╭─ MATERIAL FOR THIS TASK
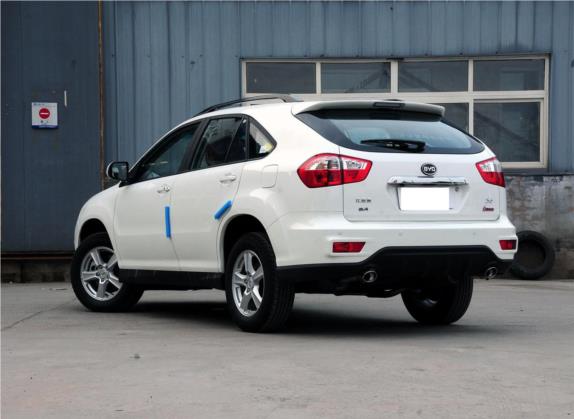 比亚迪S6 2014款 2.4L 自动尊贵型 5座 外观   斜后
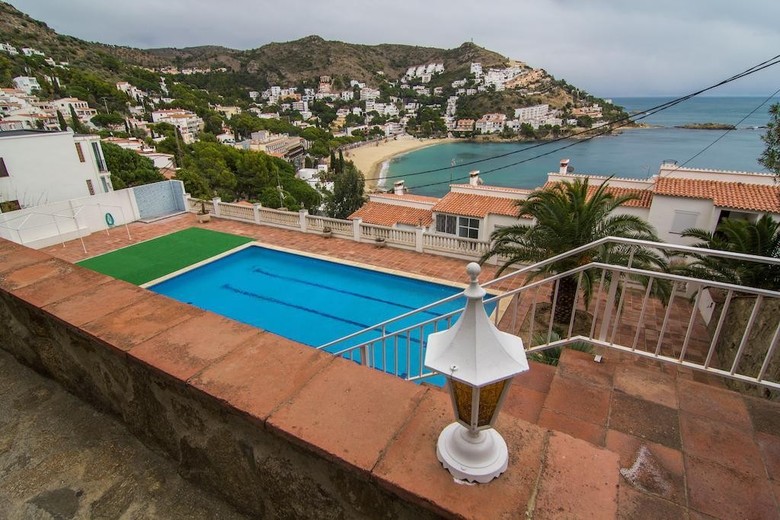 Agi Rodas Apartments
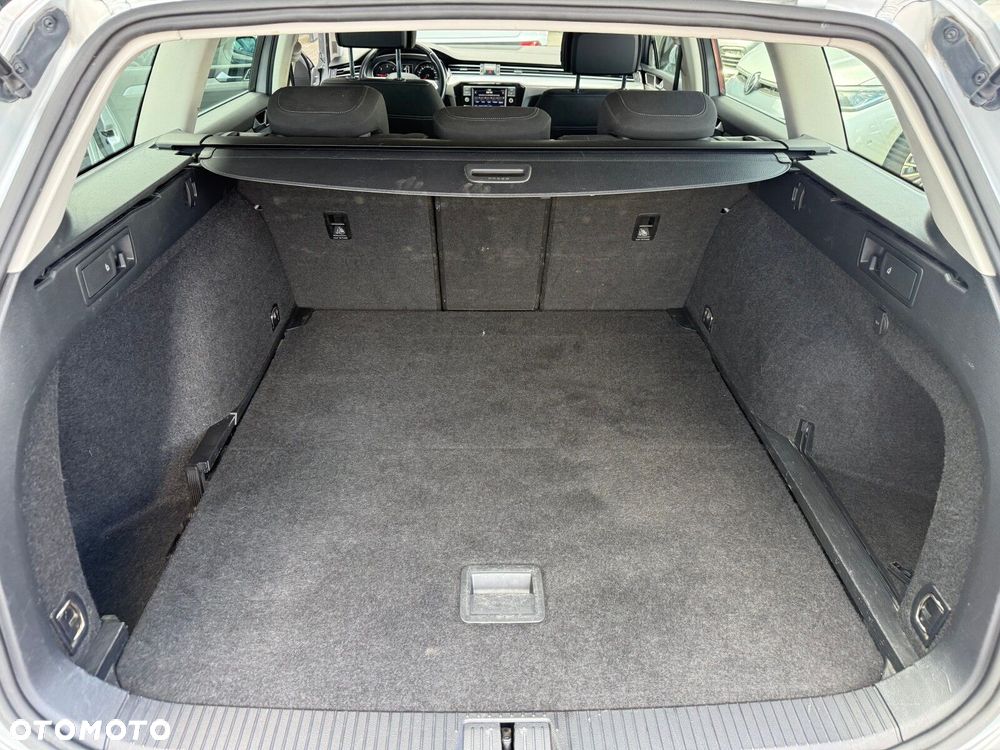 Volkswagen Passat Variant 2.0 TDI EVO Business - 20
╰─
╭─ MATERIAL FOR THIS TASK
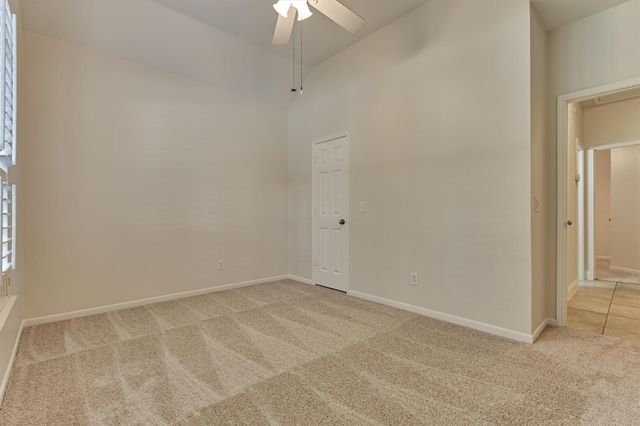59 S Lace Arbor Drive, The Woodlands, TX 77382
╰─
Go to the line above that contains "Agi Rodas Apartments" and reproduce everything exactly from there through the line that contains "Volkswagen Passat Variant", leaving out the pictures.

 Agi Rodas Apartments
 Volkswagen Passat Variant 2.0 TDI EVO Business - 20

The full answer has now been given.